Postby Thumper » Thu Jul 16, 2015 6:01 pm

I agree with you three pretty much about poverty, governmental assistance, and the like. I just thought I'd explore it down to the individual level. If the government assisting me makes me lazy, does any assistance make me lazy. If I'm inclined to stop doing things if the gov't gives it to me or pays me, am I inclined to do the same if my buddies help me? If Dave and Bud come over on a Saturday to help me fall and buck up a tree, will I ask them to come over and do it again and not help as much, and get the the point where they have to do all my chores while I sit around? I guess it was just my silly way to explore the absolute stupidity of the argument.
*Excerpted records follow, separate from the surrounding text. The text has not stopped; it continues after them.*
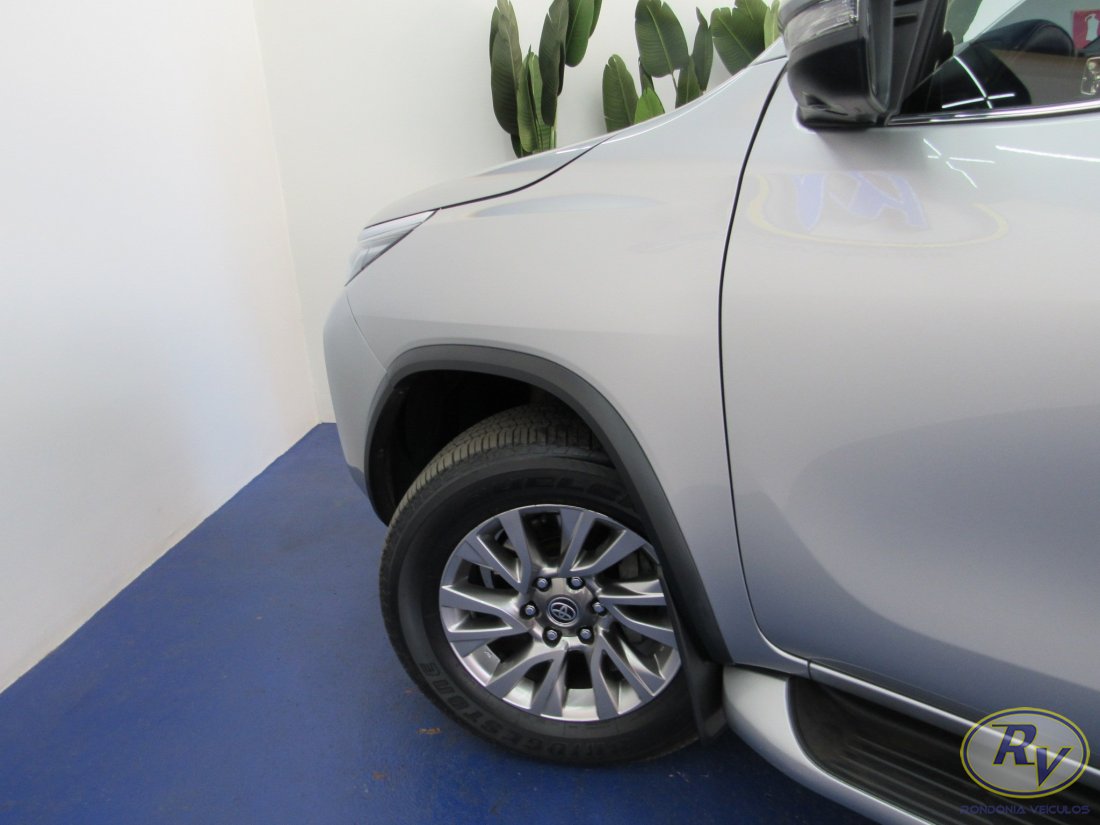 HILUX SW4 SRX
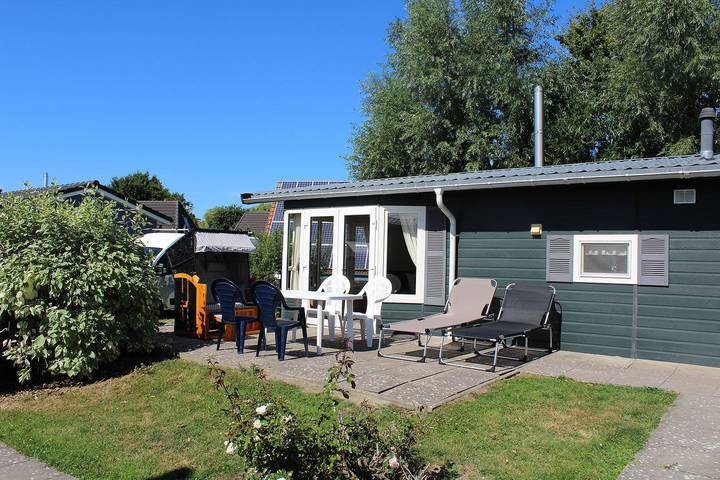 Bungalow für 4 Personen, mit Terrasse und Garten an der Wurster Nordseeküste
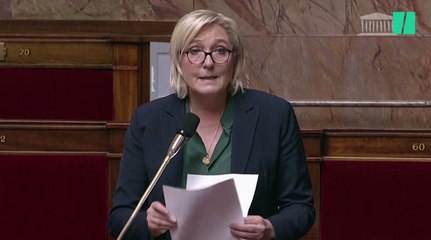 Marine Le Pen se plante complètement au micro de l’Assemblée nationale (Vidéo)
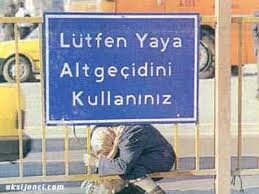 Zihin yakan uyarı levhaları!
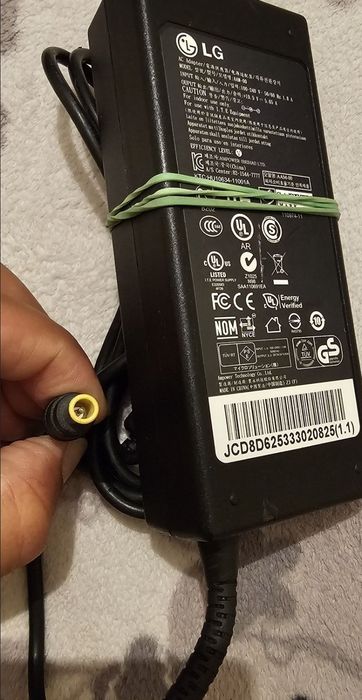 Sursa curent LG 19,5V 5,65A 110W pin central orig pt TV si Soundbar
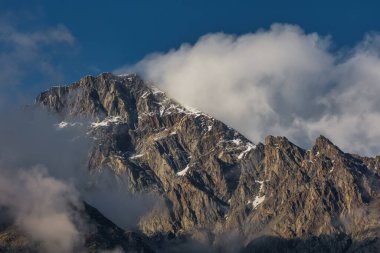 Gürcistan 'ın güzel Landscap' ı, Stepantsminda kasabası manzarası ve Büyük Kafkasya dağları, Georgia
On a larger scale I'm afraid there's a racist component to this that makes me sick. Back shortly after Katrina there was also a major blizzard in North Dakota. A friend forwarded me a crap email that in North Dakota, the schools stayed open, there was no looting, people kept working, didn't need any help, yada yada as opposed to horrors in Louisiana. I went nuts and went off on him. Starting with the complete differences in the nature of the disaster, like in ND hundreds of thousands of people weren't immediately homeless. After explaining all that, then the difference in the nature of the relief that came to both. Then that ND would always be very short term event and how people still can't recover from Katrina. I ended with the fact that ND's governor, who had spouted in the past about keeping the big invasive fed gov't off their backs was pleading for federal assistance in the wake of the disaster.

The next time I saw him I dropped the boom on him that the entire post was patently racist. The difference it was trying to say was that many of the LA people were black, almost all the ND people were white. Almost lost the friendship over it. But he never forwarded me a crap email ever again....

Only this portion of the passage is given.